Documented in idig_search_records

##' Function to query the iDigBio API for specimen records
##'
##' Wraps \code{\link{idig_search}} to provide defaults specific to searching
##' specimen records. Using this function instead of \code{\link{idig_search}}
##' directly is recommened.
##'
##' Queries need to be specified as a nested list structure that will serialize
##' to an iDigBio query object's JSON as expected by the iDigBio API:
##' \url{https://github.com/iDigBio/idigbio-search-api/wiki/Query-Format}
##'
##' As an example, the first sample query looks like this in JSON in the API
##' documentation:
##' \preformatted{
##' {
##'   "scientificname": {
##'     "type": "exists"
##'   },
##'   "family": "asteraceae"
##' }
##' }
##'
##' To rewrite this in R for use as the rq parameter to
##' \code{idig_search_records} or \code{idig_search_media}, it would look like
##' this:
##' \preformatted{
##' rq <- list("scientificname"=list("type"="exists"),
##'            "family"="asteraceae"
##'            )
##' }
##' An example of a more complex JSON query with nested structures:
##' \preformatted{
##' {
##'   "geopoint": {
##'    "type": "geo_bounding_box",
##'    "top_left": {
##'      "lat": 19.23,
##'      "lon": -130
##'     },
##'     "bottom_right": {
##'       "lat": -45.1119,
##'       "lon": 179.99999
##'     }
##'    }
##'  }
##' }
##'
##' To rewrite this in R for use as the rq parameter, use nested calls to the
##' list() function:
##' \preformatted{
##' rq <- list(geopoint=list(
##'                          type="geo_bounding_box",
##'                          top_left=list(lat=19.23, lon=-130),
##'                          bottom_right=list(lat=-45.1119, lon= 179.99999)

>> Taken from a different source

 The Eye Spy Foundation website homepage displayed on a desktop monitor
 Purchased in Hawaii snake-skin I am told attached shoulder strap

##'                         )
##'            )
##' }
##'
##' See the Examples section below for more samples of simpler and more complex
##' queries. Please refer to the API documentation for the full functionality
##' availible in queries.
##'
##' All matching results are returned up to the max_items cap (default 100,000).

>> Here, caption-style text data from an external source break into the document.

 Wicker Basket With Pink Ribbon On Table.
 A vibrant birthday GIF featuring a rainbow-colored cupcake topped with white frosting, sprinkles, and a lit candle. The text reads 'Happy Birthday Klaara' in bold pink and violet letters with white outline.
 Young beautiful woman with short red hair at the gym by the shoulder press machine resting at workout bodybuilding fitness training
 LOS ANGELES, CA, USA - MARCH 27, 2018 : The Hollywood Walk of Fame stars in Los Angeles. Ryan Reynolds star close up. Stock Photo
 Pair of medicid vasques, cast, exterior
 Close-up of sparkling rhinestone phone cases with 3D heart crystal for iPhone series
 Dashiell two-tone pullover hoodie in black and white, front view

##' If more results are wanted, a higher max_items can be passed as an option.
##' This API loads records 5,000 at a time using HTTP so performance with large
##' sets of data is not very good. Expect result sets over 50,000 records to
##' take tens of minutes. You can use the \code{\link{idig_count_records}} or
##' \code{\link{idig_count_media}} functions to find out how many records a
##' query will return; these are fast.
##'
##' The iDigBio API will only return 5,000 records at a time but this function
##' will automatically page through the results and return them all. Limit
##' and offset are availible if manual paging of results is needed though the
##' max_items cap still applies. The item count comes from the results header
##' not the count of actual records in the limit/offset window.
##'
##' Return is a data.frame containing the requested fields (or the default
##' fields). The columns in the data frame are untyped and no factors are pre-
##' built. Attribution and other metadata is attached to the dataframe in the
##' data.frame's attributes. (I.e. \code{attributes(df)})

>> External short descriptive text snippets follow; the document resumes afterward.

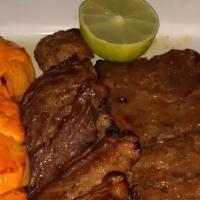Spot King'S Plate · Shish kabob, barg (filet mignon), beef kudbideh and filet of chicken. Comes with basmati ric...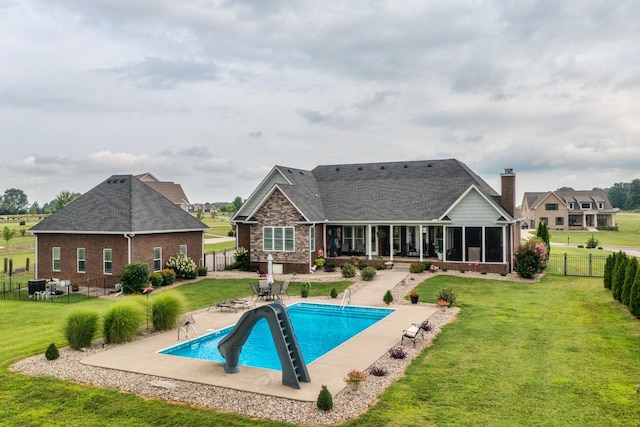 rear view of house featuring a yard, a fenced in pool, a patio area, and a sunroom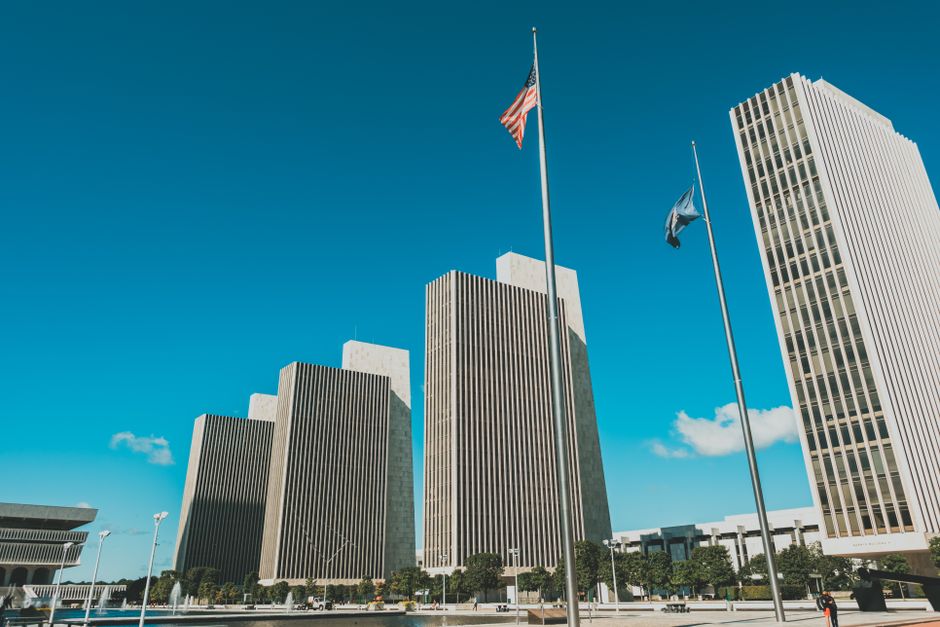 Modern skyscrapers towering at Empire State Plaza in Albany, New York under a clear blue sky.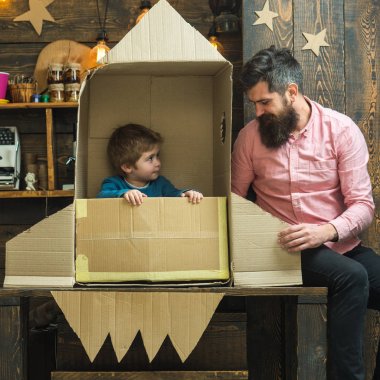 Baba, baba, küçük kozmonot ile çocuk oyun karton kutudan yapılan roket oturup. Çocuk mutlu oturmak karton el roket yapımı. Roket fırlatma kavramı. Çocuk şirin çocuk oyun kozmonot, astronot.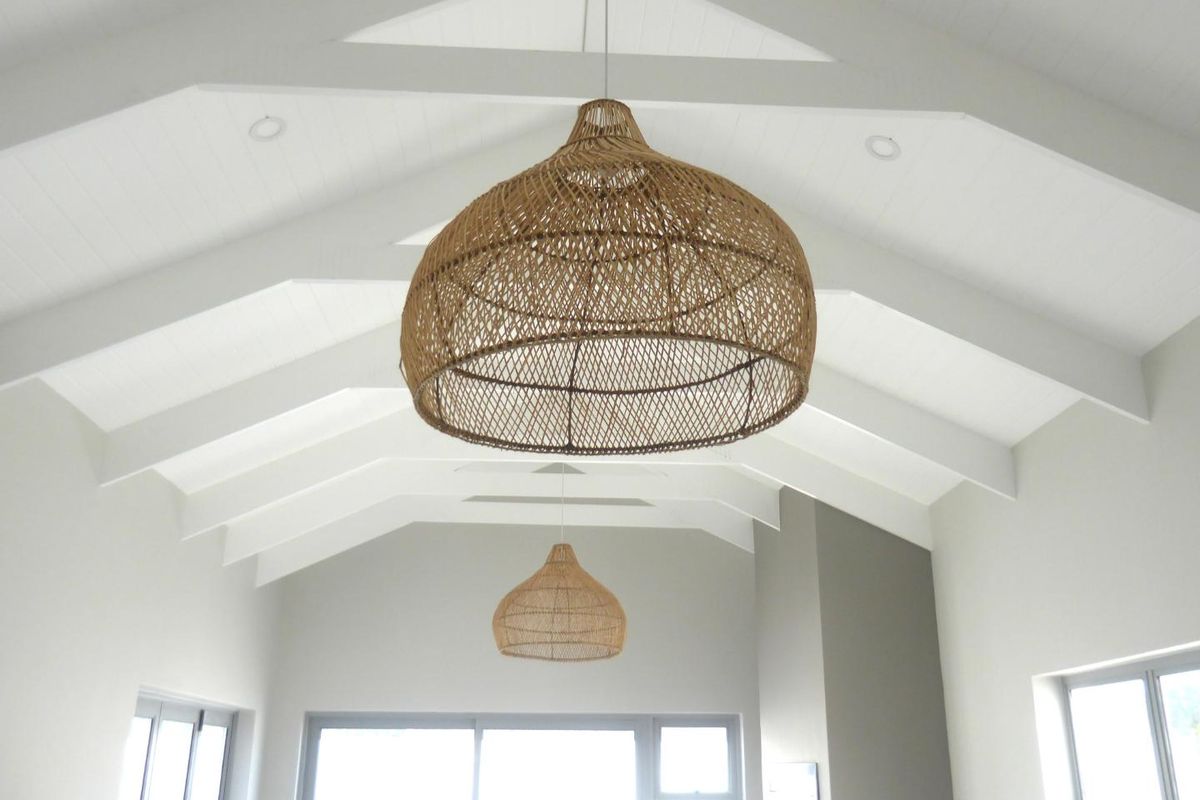 Spacious living area featuring a high vaulted ceiling with exposed rafters, recessed lighting, and large sliding glass doors providing ample natural light.
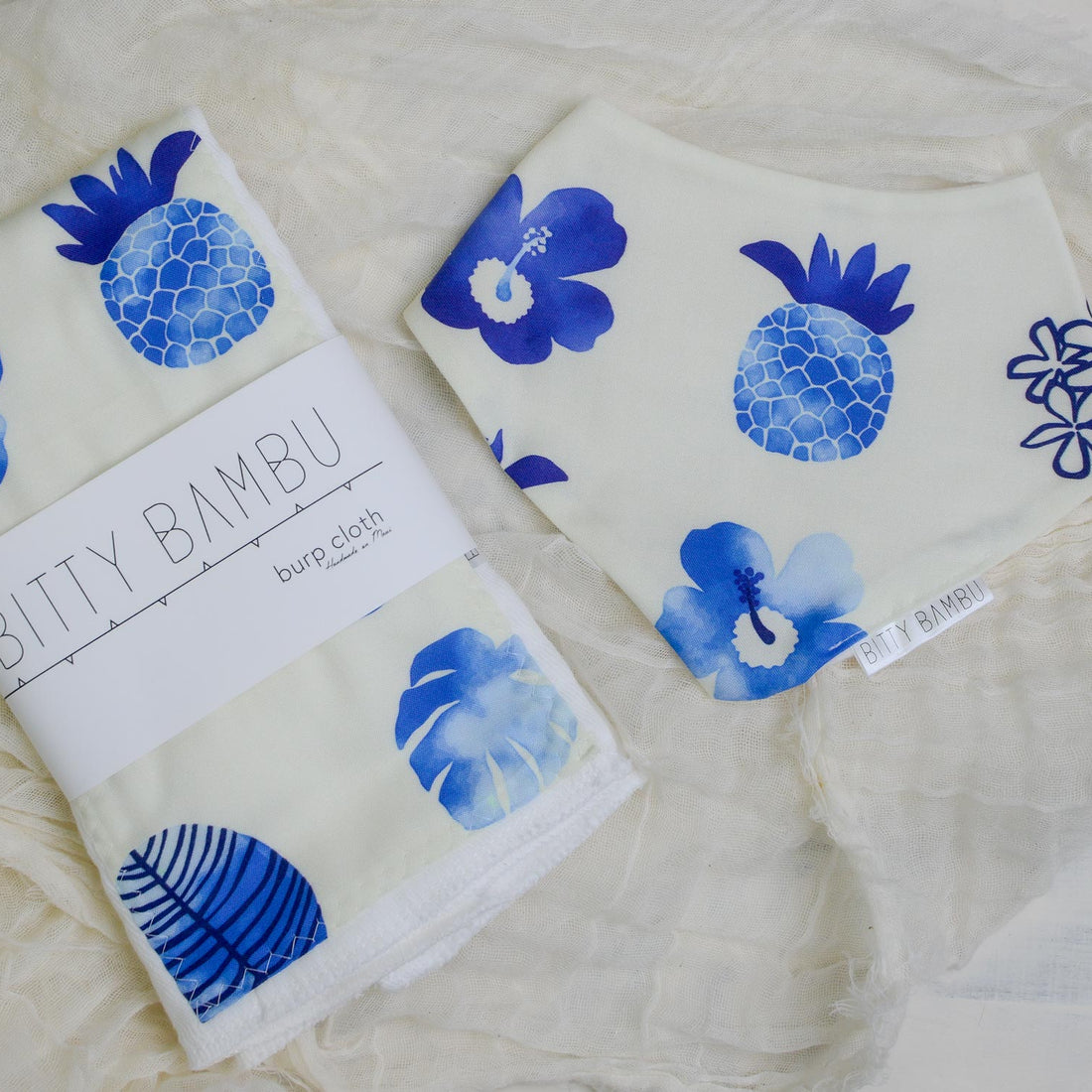 A burp cloth and baby bib with blue floral patterns on a white surface, featuring the brand 'Bitty Bambu'.
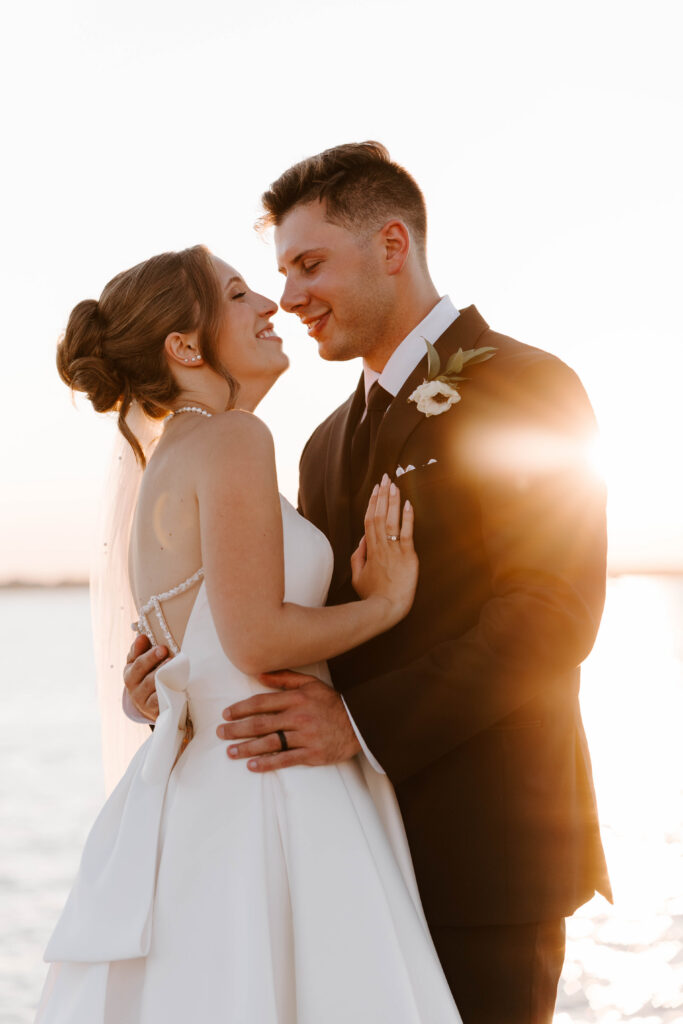 Bride and groom sunset portrait with them looking at each other with the ocean in the background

##' @title Searching of iDigBio records
##' @param rq iDigBio record query in nested list format
##' @param fields vector of fields that will be contained in the data.frame,
##' limited set returned by default, use "all" to get all indexed fields
##' @param max_items maximum number of results allowed to be retrieved (fail
##' -safe)
##' @param limit maximum number of results returned
##' @param offset number of results to skip before returning results
##' @param sort vector of fields to use for sorting, UUID is always appended to
##' make paging safe
##' @param ... additional parameters
##' @return A data frame with fields requested or the following default fields:
##' \itemize{
##' \item{UUID: Unique identifier assigned by iDigBio.}   
##' \item{[occurrenceID](https://dwc.tdwg.org/list/#dwc_occurrenceID)}  
##' \item{[catalognumber](https://rs.tdwg.org/dwc/terms/catalogNumber)}   
##' \item{[family](https://rs.tdwg.org/dwc/terms/family) - may be reassigned by iDigBio}   
##' \item{[genus](https://dwc.tdwg.org/list/#dwc_genus) - may be reassigned by iDigBio}   
##' \item{[scientificname](https://rs.tdwg.org/dwc/terms/scientificName) - may be reassigned by iDigBio}   
##' \item{[country](https://rs.tdwg.org/dwc/terms/country) - may be modified by iDigBio}   
##' \item{[stateprovince](https://rs.tdwg.org/dwc/terms/stateProvince) }   
##' \item{geopoint: Assigned by iDigBio.}     
##' \item{[data.dwc:eventDate](https://dwc.tdwg.org/list/#dwc_eventDate)}   
##' \item{[data.dwc:year](https://dwc.tdwg.org/list/#dwc_year)}   
##' \item{[data.dwc:month](https://dwc.tdwg.org/list/#dwc_month)}   
##' \item{[data.dwc:day](https://dwc.tdwg.org/list/#dwc_day)}   
##' \item{datecollected: May be reassigned by iDigBio, [see more here](https://github.com/iDigBio/idb-backend/issues/229)}   
##' \item{collector: Assigned by iDigBio.}      
##' \item{recordset: Assigned by iDigBio.}   
##' }  
##' @author Matthew Collins
##' @examples
##' \dontrun{
##' # Simple example of retriving records in a genus:
##' idig_search_records(rq=list(genus="acer"), limit=10)
##'
##' # This complex query shows that booleans passed to the API are represented
##' # as strings in R, fields used in the query don't have to be returned, and
##' # the syntax for accessing raw data fields:
##' idig_search_records(rq=list("hasImage"="true", genus="acer"),
##'             fields=c("uuid", "data.dwc:verbatimLatitude"), limit=100)
##'
##' # Searching inside a raw data field for a string, note that raw data fields
##' # are searched as full text, indexed fields are search with exact matches:
##'
##' idig_search_records(rq=list("data.dwc:dynamicProperties"="parasite"),
##'             fields=c("uuid", "data.dwc:dynamicProperties"), limit=100)
##'
##' # Retriving a data.frame for use with MaxEnt. Notice geopoint is expanded
##' # to two columns in the data.frame: gepoint.lat and geopoint.lon:
##' df <- idig_search_records(rq=list(genus="acer", geopoint=list(type="exists")),
##'           fields=c("uuid", "geopoint"), limit=10)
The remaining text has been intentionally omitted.